2. The method of claim 1, further including the step of, in response to the direction of arrival failing to be verified, using a secondary location signal to indicate a valid location.

3. The method of claim 1, wherein the direction of arrival is determined using a multiple-antenna receiver.

4. The method of claim 3, wherein the direction of arrival is determined using a space-time covariance function.

5. The method of claim 1, further including the step of controlling the availability of multiple encryption keys.

6. The method of claim 5, wherein the step of controlling the availability is responsive to a determination of a level of confidence of the positional information.

7. A system for implementing the method of claim 1, wherein one entity is set up for attempting to verify that the direction of arrival corresponds to an expected direction of arrival for a received signal of the primary signal type, and another entity is set up in response to the direction of arrival being verified as corresponding to the expected direction of arrival, enabling use of an encryption key that is generated from positional information derived from the received signal.

8. An apparatus for generating cryptographic keys from location information derived from a signal received from a publicly-used wireless communication system, the location information being protected from fraudulently generated signals using direction of arrival of the received signal, the apparatus comprising: first means for attempting to verify that the direction of arrival corresponds to an expected direction of arrival for a received signal of the primary signal type; andsecond means, responsive to the direction of arrival being verified as corresponding to the expected direction of arrival, for enabling use of an encryption key that is generated from positional information derived from the received signal.

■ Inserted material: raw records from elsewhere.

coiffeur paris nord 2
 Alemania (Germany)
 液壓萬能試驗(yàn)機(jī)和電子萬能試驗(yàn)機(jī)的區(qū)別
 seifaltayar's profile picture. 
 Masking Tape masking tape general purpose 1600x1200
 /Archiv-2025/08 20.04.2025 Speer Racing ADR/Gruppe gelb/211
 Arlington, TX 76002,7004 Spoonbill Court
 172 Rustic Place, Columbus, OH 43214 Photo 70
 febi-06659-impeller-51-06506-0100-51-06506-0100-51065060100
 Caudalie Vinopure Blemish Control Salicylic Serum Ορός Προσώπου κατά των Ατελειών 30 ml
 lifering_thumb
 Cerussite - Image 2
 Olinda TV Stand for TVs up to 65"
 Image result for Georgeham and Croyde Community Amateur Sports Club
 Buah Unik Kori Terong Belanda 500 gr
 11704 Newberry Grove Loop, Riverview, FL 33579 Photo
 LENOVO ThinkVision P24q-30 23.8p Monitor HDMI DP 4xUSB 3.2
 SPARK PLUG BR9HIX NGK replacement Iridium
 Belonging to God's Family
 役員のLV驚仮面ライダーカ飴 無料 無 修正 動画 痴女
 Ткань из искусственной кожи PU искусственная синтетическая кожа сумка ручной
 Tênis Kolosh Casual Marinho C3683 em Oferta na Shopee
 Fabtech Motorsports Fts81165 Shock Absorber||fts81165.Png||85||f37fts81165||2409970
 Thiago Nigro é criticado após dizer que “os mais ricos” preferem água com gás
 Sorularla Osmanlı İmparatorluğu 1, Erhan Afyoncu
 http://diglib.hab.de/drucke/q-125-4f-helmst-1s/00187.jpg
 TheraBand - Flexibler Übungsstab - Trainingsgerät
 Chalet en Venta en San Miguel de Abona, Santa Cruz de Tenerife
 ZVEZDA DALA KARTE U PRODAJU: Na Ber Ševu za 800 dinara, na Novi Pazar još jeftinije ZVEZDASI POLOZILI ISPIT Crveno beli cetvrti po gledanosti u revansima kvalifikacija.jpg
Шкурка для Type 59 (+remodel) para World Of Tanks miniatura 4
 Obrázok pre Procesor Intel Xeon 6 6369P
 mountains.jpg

9. The apparatus of claim 8, wherein the means for attempting includes a logic circuit configured and designed for verifying that the direction of arrival corresponds to an expected direction of arrival for a received signal of the primary signal type.

10. The apparatus of claim 9, wherein the logic circuit includes a configuration of data stored in a storage medium which data is used to program the logic circuit for attempting to verify that the direction of arrival corresponds to an expected direction of arrival for a received signal of the primary signal type.

11. The apparatus of claim 8, wherein the logic circuit includes a software-programmed computer.

12. The apparatus of claim 8, wherein at least one of the first and second means include a software-programmed computer.